Senate Minority Leader Charles Schumer (D-N.Y.) on Tuesday said that President Trump should sign a government funding deal that would prevent a second shutdown that would begin Saturday if there were no agreement.
Schumer, while adding the caveat that he didn’t know the details of the tentative agreement, said the “parameters … are good” and Trump “must sign it.”
{mosads}“We must not have a rerun of what happened a few months back where legislators … agreed and President Trump pulled the rug out from under the agreement and caused the shutdown,” Schumer said.
He added that if Trump doesn’t support the tentative agreement reached on Monday night, “the same thing could happen again. We don’t need it.”
“No one gets everything they want in these agreements,” Schumer said. “The president must sign it and not, not, not cause another shutdown.”
Sens. Richard Shelby (R-Ala.) and Patrick Leahy (D-Vt.) and Reps.
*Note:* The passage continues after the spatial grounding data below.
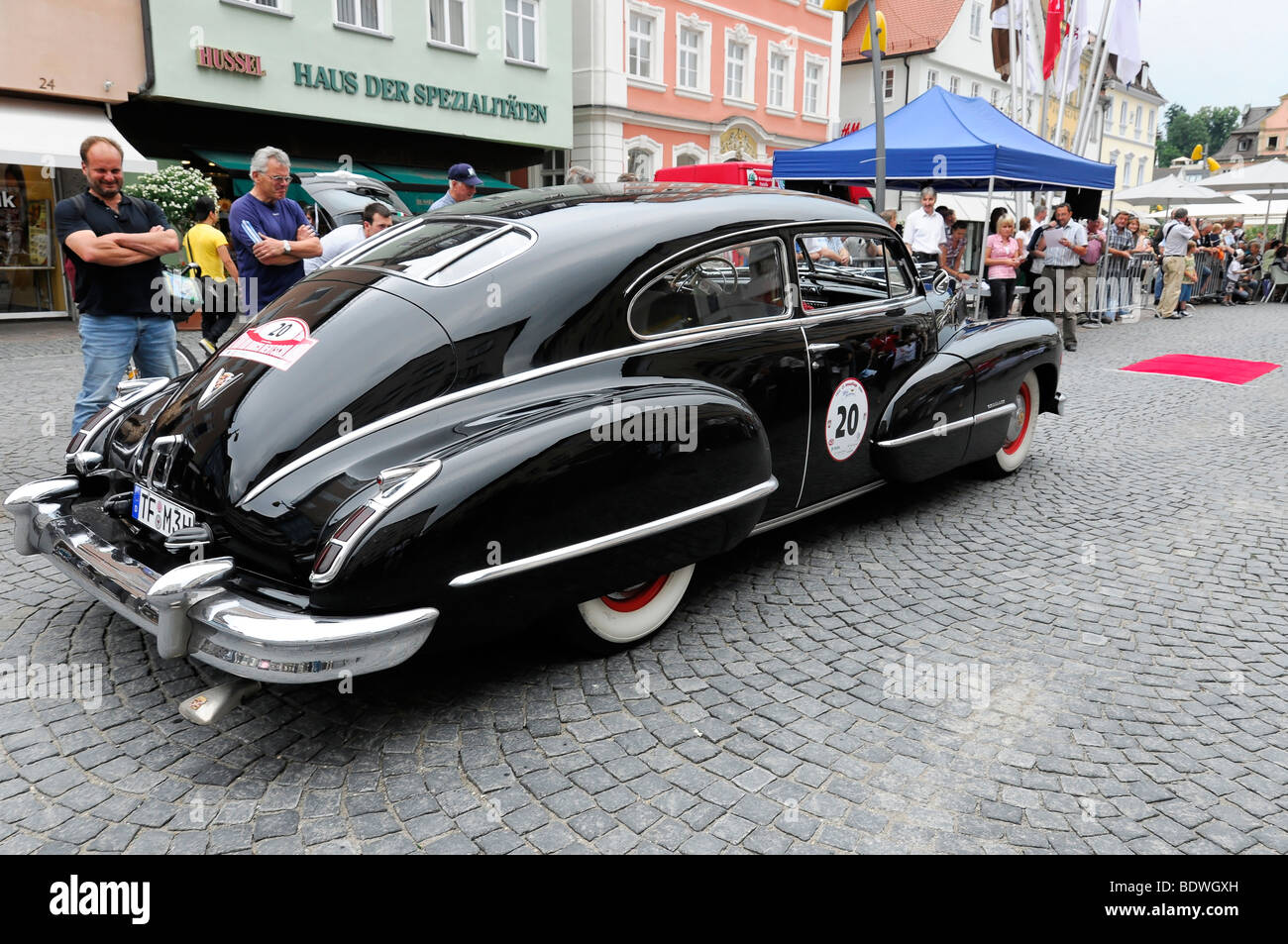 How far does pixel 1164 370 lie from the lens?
10148 mm

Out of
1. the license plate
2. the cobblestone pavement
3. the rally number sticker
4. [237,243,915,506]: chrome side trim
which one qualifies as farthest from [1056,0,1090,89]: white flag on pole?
the license plate

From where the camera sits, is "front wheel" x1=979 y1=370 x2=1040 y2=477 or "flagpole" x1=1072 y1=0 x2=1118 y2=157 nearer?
"front wheel" x1=979 y1=370 x2=1040 y2=477

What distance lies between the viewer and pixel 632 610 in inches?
130

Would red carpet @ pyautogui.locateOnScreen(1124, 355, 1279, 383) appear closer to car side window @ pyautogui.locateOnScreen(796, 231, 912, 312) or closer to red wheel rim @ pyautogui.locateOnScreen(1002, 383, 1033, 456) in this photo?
red wheel rim @ pyautogui.locateOnScreen(1002, 383, 1033, 456)

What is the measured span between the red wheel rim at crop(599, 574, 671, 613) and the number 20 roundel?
43.5 inches

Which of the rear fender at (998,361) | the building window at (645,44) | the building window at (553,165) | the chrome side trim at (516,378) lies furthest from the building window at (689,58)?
the chrome side trim at (516,378)

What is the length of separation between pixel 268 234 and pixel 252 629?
153 inches

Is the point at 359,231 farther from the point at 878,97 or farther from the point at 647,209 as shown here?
A: the point at 878,97

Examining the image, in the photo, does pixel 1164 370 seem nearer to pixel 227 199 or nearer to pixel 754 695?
pixel 754 695

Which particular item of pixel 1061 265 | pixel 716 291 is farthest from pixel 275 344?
pixel 1061 265

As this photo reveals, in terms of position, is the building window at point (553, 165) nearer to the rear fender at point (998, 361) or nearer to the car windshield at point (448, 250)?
the rear fender at point (998, 361)

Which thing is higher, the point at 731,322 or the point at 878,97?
the point at 878,97

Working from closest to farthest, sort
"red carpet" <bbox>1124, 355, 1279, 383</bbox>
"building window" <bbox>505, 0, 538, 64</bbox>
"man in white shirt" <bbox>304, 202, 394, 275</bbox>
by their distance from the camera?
"man in white shirt" <bbox>304, 202, 394, 275</bbox>, "red carpet" <bbox>1124, 355, 1279, 383</bbox>, "building window" <bbox>505, 0, 538, 64</bbox>

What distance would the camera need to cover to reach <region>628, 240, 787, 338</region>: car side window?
332 cm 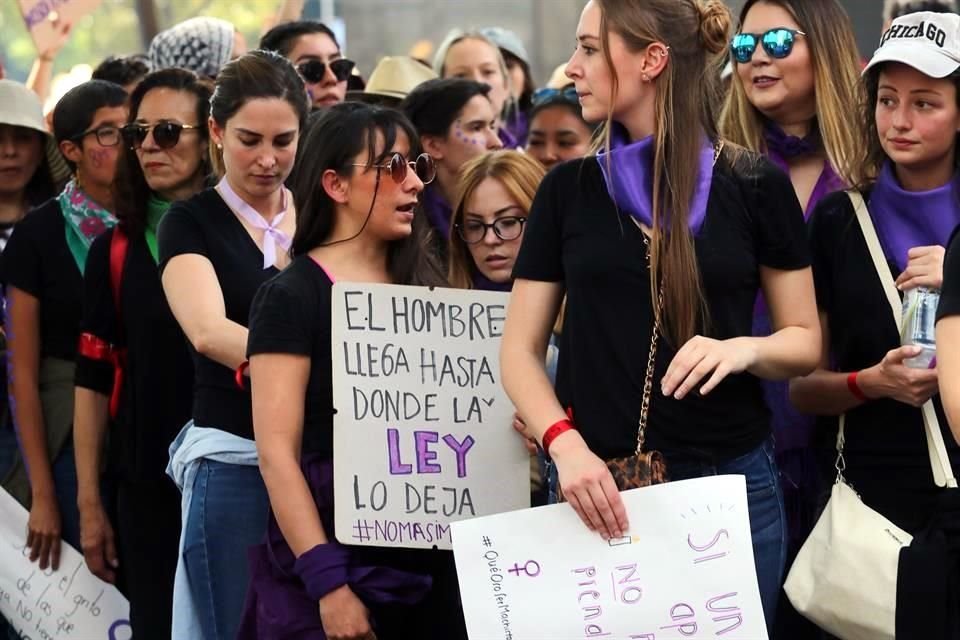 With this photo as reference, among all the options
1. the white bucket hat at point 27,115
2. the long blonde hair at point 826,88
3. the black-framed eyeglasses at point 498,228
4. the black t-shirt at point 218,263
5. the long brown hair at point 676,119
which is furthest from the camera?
the white bucket hat at point 27,115

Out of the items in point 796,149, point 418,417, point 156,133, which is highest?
point 156,133

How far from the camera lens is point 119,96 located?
594 cm

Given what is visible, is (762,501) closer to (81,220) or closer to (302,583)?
(302,583)

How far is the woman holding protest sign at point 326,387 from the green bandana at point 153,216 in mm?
Answer: 1051

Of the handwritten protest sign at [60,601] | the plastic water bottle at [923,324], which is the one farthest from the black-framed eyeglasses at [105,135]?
the plastic water bottle at [923,324]

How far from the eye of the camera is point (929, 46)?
389 cm

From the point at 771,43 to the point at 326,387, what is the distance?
64.5 inches

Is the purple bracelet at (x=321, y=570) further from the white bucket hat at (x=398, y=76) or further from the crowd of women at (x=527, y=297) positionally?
the white bucket hat at (x=398, y=76)

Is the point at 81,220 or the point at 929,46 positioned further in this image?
the point at 81,220

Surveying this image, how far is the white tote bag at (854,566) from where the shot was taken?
365 cm

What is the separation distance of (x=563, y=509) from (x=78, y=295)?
2.59 meters

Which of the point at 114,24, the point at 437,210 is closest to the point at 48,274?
the point at 437,210

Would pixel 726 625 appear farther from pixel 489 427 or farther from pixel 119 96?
pixel 119 96

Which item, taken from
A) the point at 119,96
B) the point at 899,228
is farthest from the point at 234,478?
the point at 119,96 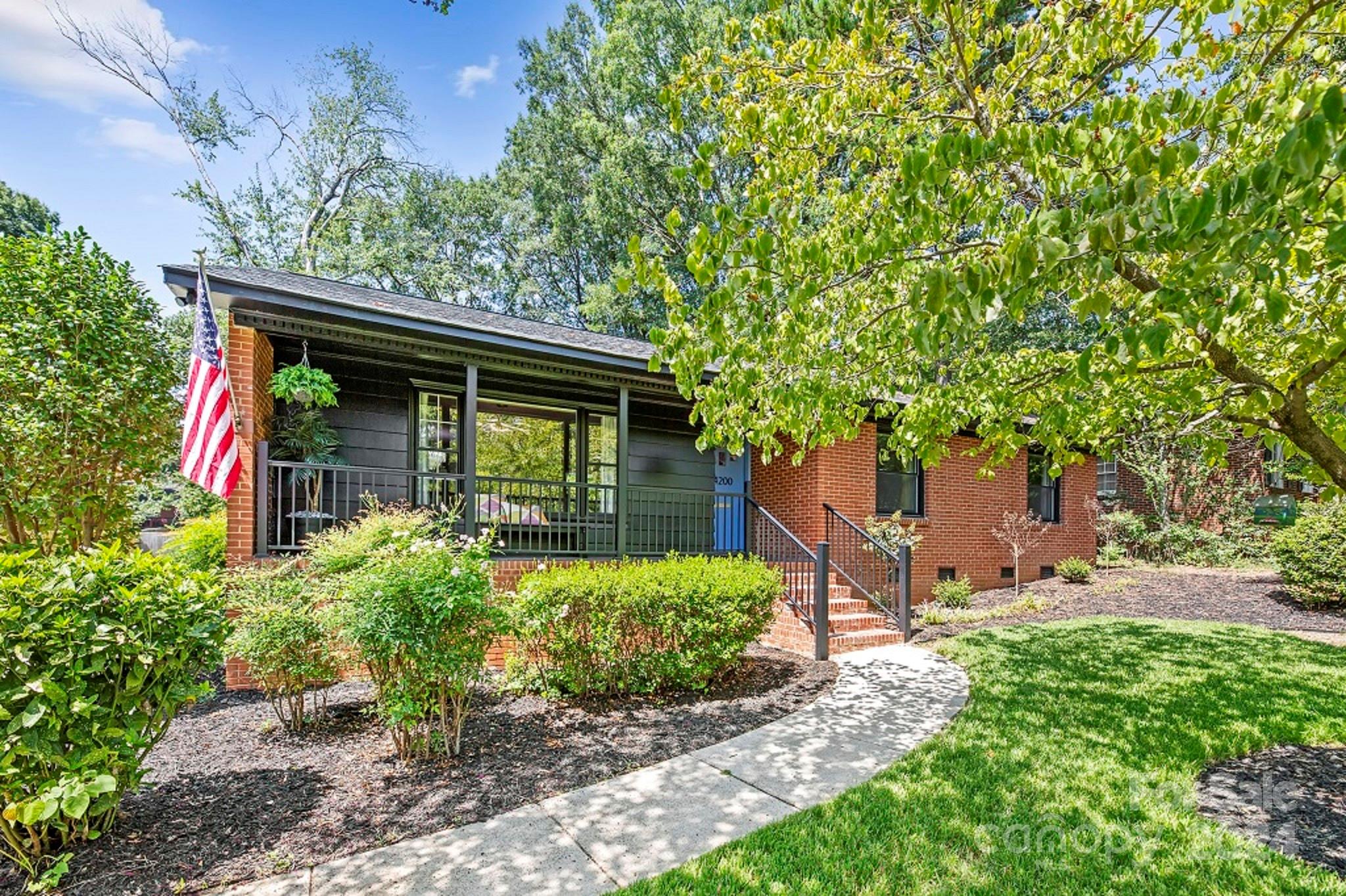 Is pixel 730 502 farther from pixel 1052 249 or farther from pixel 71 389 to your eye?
pixel 1052 249

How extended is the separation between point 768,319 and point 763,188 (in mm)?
1008

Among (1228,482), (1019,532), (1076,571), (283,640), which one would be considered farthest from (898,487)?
(1228,482)

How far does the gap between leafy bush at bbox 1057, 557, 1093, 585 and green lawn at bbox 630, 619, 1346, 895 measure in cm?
573

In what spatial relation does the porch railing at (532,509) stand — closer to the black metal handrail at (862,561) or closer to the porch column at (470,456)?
the porch column at (470,456)

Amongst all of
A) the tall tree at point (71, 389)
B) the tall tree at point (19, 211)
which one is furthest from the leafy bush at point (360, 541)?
the tall tree at point (19, 211)

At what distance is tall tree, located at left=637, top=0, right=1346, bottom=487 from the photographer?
1958 mm

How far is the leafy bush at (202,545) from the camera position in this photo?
26.0 ft

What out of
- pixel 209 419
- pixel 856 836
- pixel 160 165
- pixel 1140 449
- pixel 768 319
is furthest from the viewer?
pixel 160 165

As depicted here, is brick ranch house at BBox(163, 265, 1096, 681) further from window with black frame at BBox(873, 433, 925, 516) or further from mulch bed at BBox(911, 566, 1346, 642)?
mulch bed at BBox(911, 566, 1346, 642)

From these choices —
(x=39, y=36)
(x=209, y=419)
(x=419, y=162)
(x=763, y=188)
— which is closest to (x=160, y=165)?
(x=39, y=36)

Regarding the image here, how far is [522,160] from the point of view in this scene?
23.2 m

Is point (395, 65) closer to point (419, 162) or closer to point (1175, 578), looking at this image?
point (419, 162)

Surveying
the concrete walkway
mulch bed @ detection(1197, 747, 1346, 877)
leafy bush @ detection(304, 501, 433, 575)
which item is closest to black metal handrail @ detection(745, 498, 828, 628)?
the concrete walkway

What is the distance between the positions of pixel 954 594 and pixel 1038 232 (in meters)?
9.91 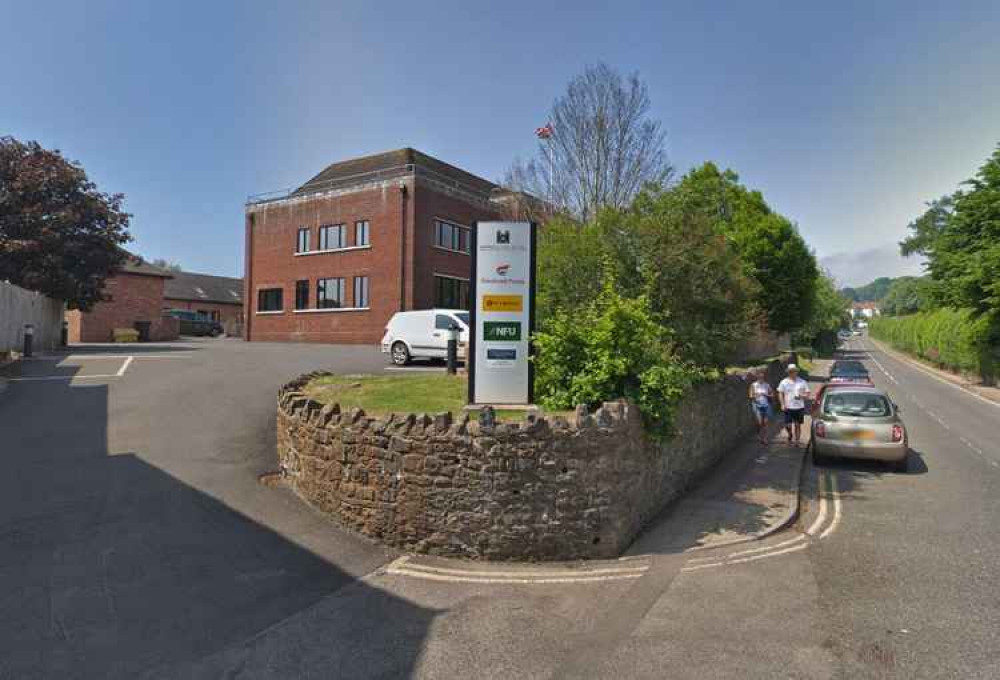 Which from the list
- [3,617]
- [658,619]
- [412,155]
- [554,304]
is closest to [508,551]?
[658,619]

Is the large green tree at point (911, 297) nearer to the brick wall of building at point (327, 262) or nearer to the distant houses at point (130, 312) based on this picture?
the brick wall of building at point (327, 262)

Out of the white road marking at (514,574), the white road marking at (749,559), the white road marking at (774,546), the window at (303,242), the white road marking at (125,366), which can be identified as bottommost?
the white road marking at (774,546)

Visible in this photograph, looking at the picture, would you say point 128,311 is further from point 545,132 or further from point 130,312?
point 545,132

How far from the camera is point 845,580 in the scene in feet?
21.1

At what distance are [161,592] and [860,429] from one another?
11.7 meters

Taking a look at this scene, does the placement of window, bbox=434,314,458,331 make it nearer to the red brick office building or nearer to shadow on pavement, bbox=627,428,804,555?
shadow on pavement, bbox=627,428,804,555

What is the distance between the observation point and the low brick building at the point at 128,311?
3944 cm

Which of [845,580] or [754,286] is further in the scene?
[754,286]

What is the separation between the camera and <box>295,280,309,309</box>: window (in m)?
36.9

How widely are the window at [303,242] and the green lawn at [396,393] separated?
24851mm

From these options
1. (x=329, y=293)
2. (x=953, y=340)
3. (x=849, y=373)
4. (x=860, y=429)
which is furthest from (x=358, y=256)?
(x=953, y=340)

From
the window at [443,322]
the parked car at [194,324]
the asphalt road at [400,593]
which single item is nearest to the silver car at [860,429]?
the asphalt road at [400,593]

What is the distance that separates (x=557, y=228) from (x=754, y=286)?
185 inches

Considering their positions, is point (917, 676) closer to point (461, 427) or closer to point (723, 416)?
point (461, 427) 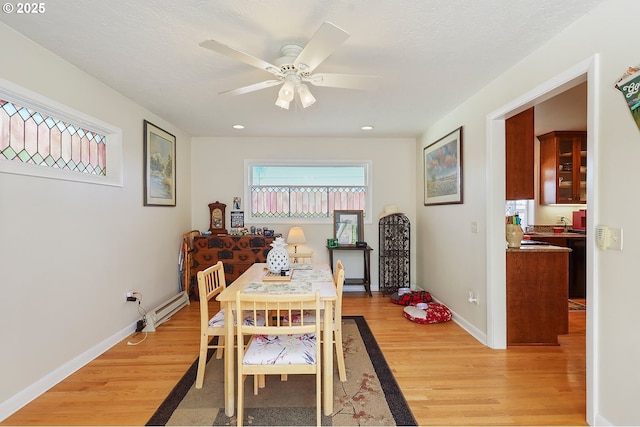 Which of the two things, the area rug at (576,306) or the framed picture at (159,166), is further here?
the area rug at (576,306)

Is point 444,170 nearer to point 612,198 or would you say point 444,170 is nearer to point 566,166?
point 612,198

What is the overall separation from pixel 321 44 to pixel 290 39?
1.70 feet

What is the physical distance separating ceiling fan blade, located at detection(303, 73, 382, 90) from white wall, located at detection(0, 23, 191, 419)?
192 cm

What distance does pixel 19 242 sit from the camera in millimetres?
1992

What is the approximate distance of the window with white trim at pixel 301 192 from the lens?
4836 mm

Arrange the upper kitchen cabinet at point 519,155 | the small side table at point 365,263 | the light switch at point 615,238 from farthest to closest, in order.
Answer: the small side table at point 365,263 → the upper kitchen cabinet at point 519,155 → the light switch at point 615,238

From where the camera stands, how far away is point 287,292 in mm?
2057

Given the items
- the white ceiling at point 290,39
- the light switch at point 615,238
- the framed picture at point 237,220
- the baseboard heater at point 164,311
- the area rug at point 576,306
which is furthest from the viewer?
the framed picture at point 237,220

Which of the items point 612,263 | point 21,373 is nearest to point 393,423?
point 612,263

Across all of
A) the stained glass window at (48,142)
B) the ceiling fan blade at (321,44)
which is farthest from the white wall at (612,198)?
the stained glass window at (48,142)

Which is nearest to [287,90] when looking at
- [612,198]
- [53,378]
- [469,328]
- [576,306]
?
[612,198]

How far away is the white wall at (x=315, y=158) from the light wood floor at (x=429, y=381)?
1.87m

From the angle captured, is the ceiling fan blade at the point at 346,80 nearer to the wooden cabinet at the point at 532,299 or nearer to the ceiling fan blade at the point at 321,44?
the ceiling fan blade at the point at 321,44

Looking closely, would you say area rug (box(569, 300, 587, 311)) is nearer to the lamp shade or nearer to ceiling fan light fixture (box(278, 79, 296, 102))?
the lamp shade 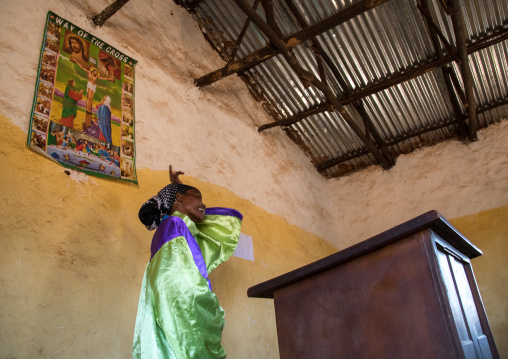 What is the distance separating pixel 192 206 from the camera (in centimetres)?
239

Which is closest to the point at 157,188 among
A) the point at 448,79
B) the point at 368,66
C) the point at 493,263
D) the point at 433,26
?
the point at 368,66

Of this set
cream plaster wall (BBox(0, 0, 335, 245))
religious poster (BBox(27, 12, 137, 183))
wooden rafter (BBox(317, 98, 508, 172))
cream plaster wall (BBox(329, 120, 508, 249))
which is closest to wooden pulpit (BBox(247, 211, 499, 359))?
religious poster (BBox(27, 12, 137, 183))

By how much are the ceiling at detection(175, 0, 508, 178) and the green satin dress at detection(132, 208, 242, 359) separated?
7.17 feet

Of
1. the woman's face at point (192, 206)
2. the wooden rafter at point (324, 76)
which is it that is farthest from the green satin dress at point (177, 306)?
the wooden rafter at point (324, 76)

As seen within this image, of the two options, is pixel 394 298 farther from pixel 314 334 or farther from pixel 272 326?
pixel 272 326

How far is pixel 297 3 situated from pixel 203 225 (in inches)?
106

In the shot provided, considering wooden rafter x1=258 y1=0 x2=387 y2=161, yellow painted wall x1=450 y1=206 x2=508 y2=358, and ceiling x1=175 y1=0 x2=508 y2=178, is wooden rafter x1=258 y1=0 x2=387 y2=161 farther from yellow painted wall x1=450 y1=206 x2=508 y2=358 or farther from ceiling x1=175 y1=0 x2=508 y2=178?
yellow painted wall x1=450 y1=206 x2=508 y2=358

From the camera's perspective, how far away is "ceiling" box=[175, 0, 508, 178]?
3959 millimetres

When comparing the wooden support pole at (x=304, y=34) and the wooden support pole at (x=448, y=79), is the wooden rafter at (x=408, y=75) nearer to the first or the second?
the wooden support pole at (x=448, y=79)

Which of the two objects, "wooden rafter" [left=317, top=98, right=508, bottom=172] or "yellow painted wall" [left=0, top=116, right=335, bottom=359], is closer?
"yellow painted wall" [left=0, top=116, right=335, bottom=359]

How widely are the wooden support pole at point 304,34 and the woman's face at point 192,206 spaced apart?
1895mm

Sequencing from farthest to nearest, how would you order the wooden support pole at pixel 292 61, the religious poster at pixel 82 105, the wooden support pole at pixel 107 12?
the wooden support pole at pixel 292 61, the wooden support pole at pixel 107 12, the religious poster at pixel 82 105

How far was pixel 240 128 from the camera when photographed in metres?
4.50

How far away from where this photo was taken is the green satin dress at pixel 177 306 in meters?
1.71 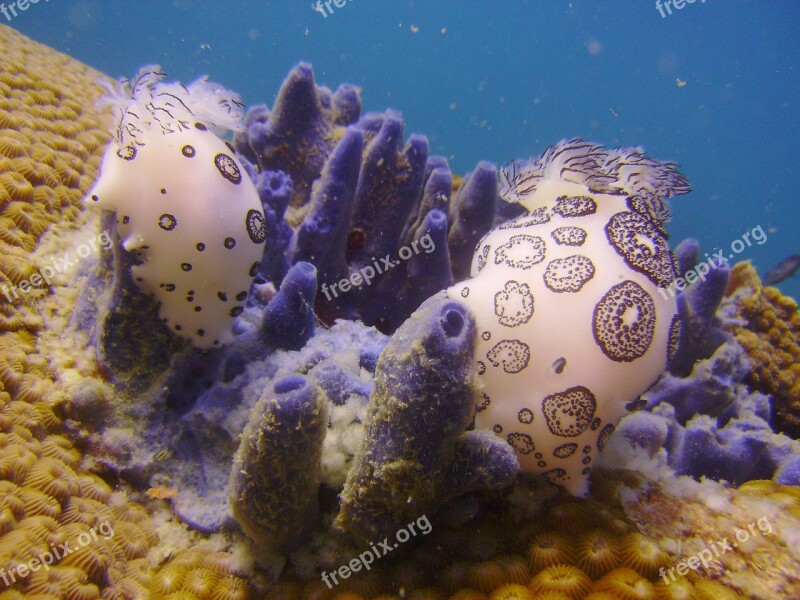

Nita Lowey (D-N.Y.) and Kay Granger (R-Texas) announced on Monday night that they had reached an agreement “in principle” ahead of the Feb. 15 deadline for the remaining seven appropriations bills.
The deal, according to multiple congressional sources, would provide $1.375 billion for physical barriers along the U.S.-Mexico border.
That would include 55 miles of barriers, according to senior congressional aides, though a congressional source separately said that a physical concrete wall was prohibited.
Democrats dropped their demand to cap the number of Immigration and Customs Enforcement (ICE) detention beds for immigrants taken into custody in the interior of the country, away from the border, at 16,500.
A congressional aide said the deal included 40,520 ICE detention beds. But senior congressional aides argued that the tentative agreement included “enough flexibility to reach the president’s requested level of 52,000 beds” because of the president’s ability to shuffle funding within the Department of Homeland Security.
The White House has not yet said if the president will support the deal.
“We’re not sure yet, to be quite honest,” White House deputy press secretary Hogan Gidley said during an interview on Fox News when asked if the deal was something Trump would approve.
Senate Majority Leader Mitch McConnell (R-Ky.) didn’t specifically say that he would support the deal on Tuesday, saying he looked forward to reviewing the full text.
But he also pointed to two areas where he thought Democrats had caved: on not spending “more than $1, $1, on new border barriers and the idea that we should impose a hard statuary cap on ICE detainees in the interior of our country.”
“Fortunately, our Democratic colleagues did abandon those unreasonable positions and the negotiations were able to move forward productively,” McConnell added.